[cfe-dev] [LLVMdev] Language-specific vs target-specific address spaces (was Re: [PATCH] OpenCL support - update on keywords)

Wed Mar 2 06:38:55 PST 2011

On Tue, Mar 1, 2011 at 4:06 PM, David Neto wrote:
> On Mon, Feb 28, 2011 at 4:41 PM, Peter Collingbourne wrote:
>>
>> The more I think about it, the more I become uncomfortable with the
>> concept of language-specific address spaces in LLVM.  These are the
>> main issues I see with language-specific address spaces:
>
> ...
>
>> Instead of language-specific address spaces, each target should
>> concentrate on exposing all of its address spaces as target-specific
>> address spaces, and frontends should use a language -> target mapping
>> in target-specific code.  We can continue to expose the target's main
>> shared writable address space as address space 0 as we do now.
>>
>> For example, Clang could define a set of internal address space
>> constants for OpenCL and use TargetCodeGenInfo to provide the mapping
>> to target address spaces.
>
> In principle this is a fine idea.
>
> I think the difficulty is that LLVM and Clang provide an
> infrastructure for numbered address spaces, but no standard assignment
> on top of that infrastructure.

You can trace back the origins of the addrspace attribute in the
mailing list archives to this thread:
http://lists.cs.uiuc.edu/pipermail/llvmdev/2007-November/011385.html.
>From there, it is pretty clear that addrspace was introduced
specifically as a mechanism for implementing the 'named address space'
extensions defined in the Embedded C standard (ISO/IEC TR 18037,
http://www.open-std.org/jtc1/sc22/wg14/www/docs/n1169.pdf).

The Embedded C standard gives this overview of the 'named address
space' extension:

  Many embedded processors have multiple distinct banks of memory
  and require that data be grouped in different banks to achieve
  maximum performance.  Ensuring the simultaneous flow of data and
  coefficient data to the multiplier/accumulator of processors
  designed for FIR filtering, for example, is critical to their
  operation.  In order to allow the programmer to declare the memory
  space from which a specific data object must be fetched, this
  Technical Report specifies basic support for multiple address
  spaces.  As a result, optimizing compilers can utilize the ability
  of processors that support multiple address spaces, for instance,
  to read data from two separate memories in a single cycle to
  maximize execution speed.

If you dig into the Embedded C standard, you'll find that the 'named
address space' extension is highly target-specific. It is only
portable insofar as two target processors have similar memory
organization and use identical names for their address spaces.

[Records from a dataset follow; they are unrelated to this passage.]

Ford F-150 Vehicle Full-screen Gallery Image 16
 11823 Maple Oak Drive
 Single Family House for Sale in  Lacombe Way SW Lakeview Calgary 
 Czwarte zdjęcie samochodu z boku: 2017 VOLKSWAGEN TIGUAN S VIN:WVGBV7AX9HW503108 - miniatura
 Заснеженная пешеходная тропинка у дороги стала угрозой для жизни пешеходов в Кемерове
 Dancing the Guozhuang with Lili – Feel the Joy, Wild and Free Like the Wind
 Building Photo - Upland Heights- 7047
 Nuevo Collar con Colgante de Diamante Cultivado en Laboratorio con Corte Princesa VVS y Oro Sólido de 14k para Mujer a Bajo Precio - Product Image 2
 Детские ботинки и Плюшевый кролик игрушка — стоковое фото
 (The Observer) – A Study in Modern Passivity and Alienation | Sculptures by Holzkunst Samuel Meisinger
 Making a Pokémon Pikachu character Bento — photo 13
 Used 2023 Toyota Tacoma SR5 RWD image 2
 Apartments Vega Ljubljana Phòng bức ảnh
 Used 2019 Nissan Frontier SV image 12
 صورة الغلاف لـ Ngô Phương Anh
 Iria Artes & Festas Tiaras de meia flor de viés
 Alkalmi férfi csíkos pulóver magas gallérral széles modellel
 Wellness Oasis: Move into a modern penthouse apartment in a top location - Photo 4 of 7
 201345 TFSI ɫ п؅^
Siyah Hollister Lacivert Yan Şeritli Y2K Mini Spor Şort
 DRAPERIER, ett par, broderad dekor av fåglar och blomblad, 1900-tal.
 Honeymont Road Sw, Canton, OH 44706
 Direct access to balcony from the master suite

So the reason that there aren't any conventions for the address space
numbers in clang/llvm is because there aren't any conventions for how
chip designers incorporate memories into the architectures that they
design.

The one convention that the Embedded C standard does specify is that
when the address space of a type is unspecified, the type is assumed
to be in the 'generic' space. Clang currently emits an address space
of zero in this case. Arguably, LLVM could define a single enum value,
GENERIC, for use by the code generators.

> The trick is define some conventions,
> e.g. what the numbers might mean for a language front-end, and whether
> the interpretation of the numbers change as the IR moves to later
> stages.  We're working in a bit of a vacuum.
>
> ...
>
> So I think we need a couple of things:
> - proposals for number assignments and their associated semantics.
> - code to flesh out and embody those semantics. e.g. a sample
> implementation / translation layer

In my opinion, any knowledge that front ends have of address spaces
should be dictated by the target's back end. Perhaps we should add
some virtual methods to LLVM's TargetMachine interface so front ends
can query the back end for the names and numbers of the address spaces
that they recognize, and expose them to end users in a standard way.
But having front ends impose the requirement on back ends that they
recognize some arbitrary set of language-specific address spaces seems
like a great misuse of the feature to me for reasons that Peter has
already pointed out.

> Basically Anton got the ball rolling: his code patch was a bit of
> both.  And I think he's planning to post a number of OpenCL proposals
> in general.

It seems to me, as Speziale already pointed out, that the OpenCL type
qualifiers aren't address space qualifiers at all (in the Embedded C
sense). They might be better implemented as a separate set of
qualifiers in the way that Objective-C defines its garbage-collection
qualifiers, __strong and __weak. See the Qualifiers class in
AST/Type.h.

> As it is, I hope that backends that do not understand address spaces
> at all know to error out when they receive IR that uses address
> spaces.

This is currently not the case. The back ends for architectures that
don't have multiple address spaces simply ignore the address space
number on the address operands of load and store nodes. The back ends
that do support multiple address spaces treat any address space number
that they don't recognize in the same way that they address space 0.

-Ken